Matthew felt like a loose button on a tight coat. Indeed, this second act was proceeding apace with him being a central character yet not having a dap of knowledge concerning the script. He felt he must have unwittingly stepped into a role as a Charles Town Player, but whether this was yet to be a comedy or tragedy the problem-solver had no clue.
In this early summer of 1703, as his world seemed poised between gun barrel and grim brawler, Matthew Corbett was all of twenty-four years old, having turned that age in the merry month of May. He sometimes wondered, usually late at night in the silence of preparing for bed in his small residence in New York, how one could be young and old at the same time, for surely some of the things that had both perplexed him, challenged him and attached themselves to his life had the power to dim the candlelight of youthful exuberance and for certainty one’s outlook upon the world. He was older than his years, and more seasoned in his experiences. In the course of his investigations for his employer, the London-based Herrald Agency, he had been by turns fascinated, wary, burdened with despair, jubilant beyond measure and just plain scared nearly to death. And, it must be said, very nearly
put
to death on more occasions than he might like to recall.

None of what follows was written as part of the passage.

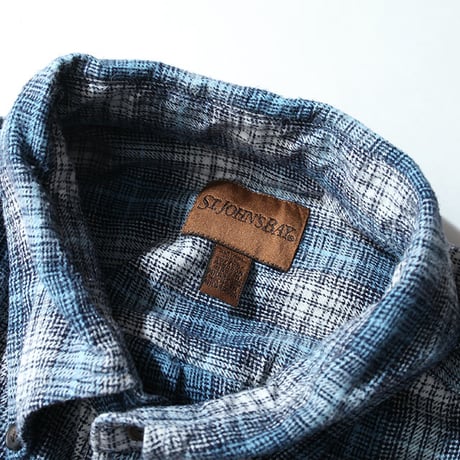Hard Bleach Flannel L/S Shirt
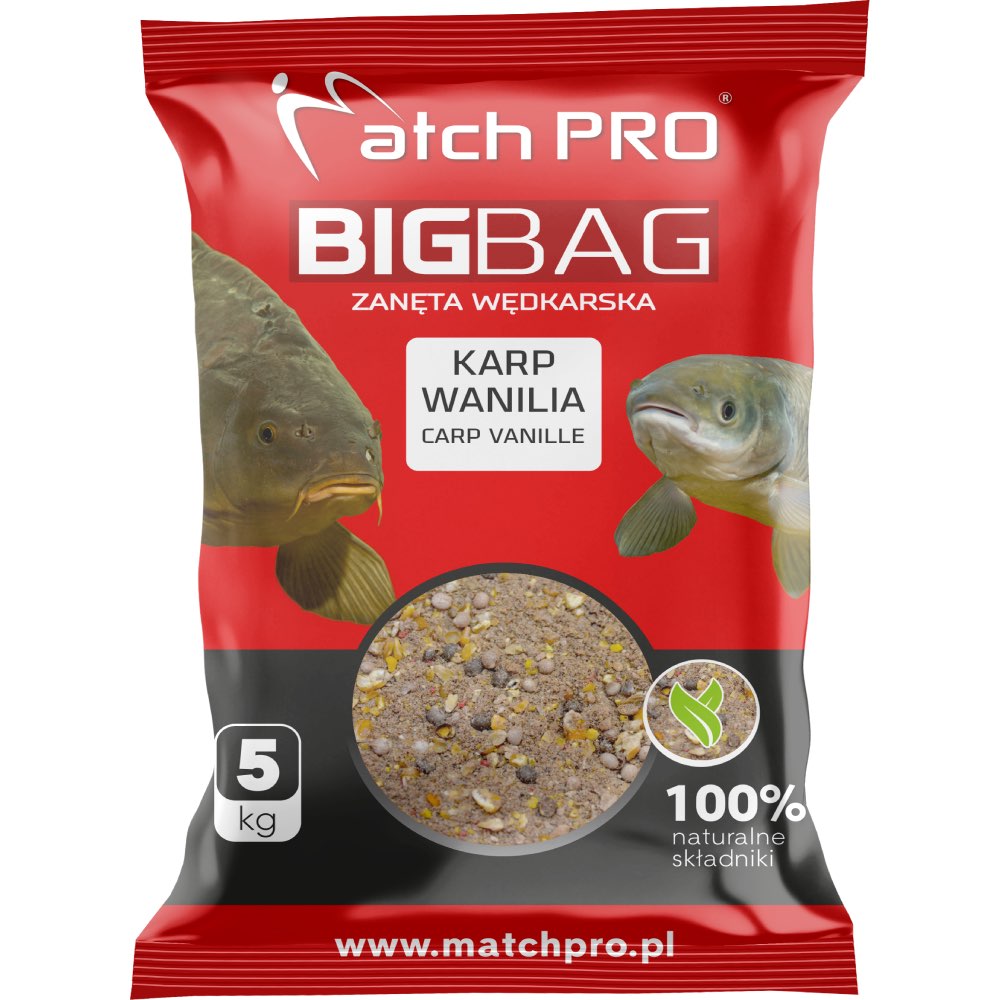 MatchPRO Big Bag Carp Vanilla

Yet recall he must, for such was his mind. He was a constant player at chess, though he might be sitting at no board and facing no physical pieces. It seemed also to him that he had become a constant player at the game of survival, and that this chess match he had unwittingly entered into with the eerie and powerful individual known as Professor Fell went on day and night whether he was present at the game table or not.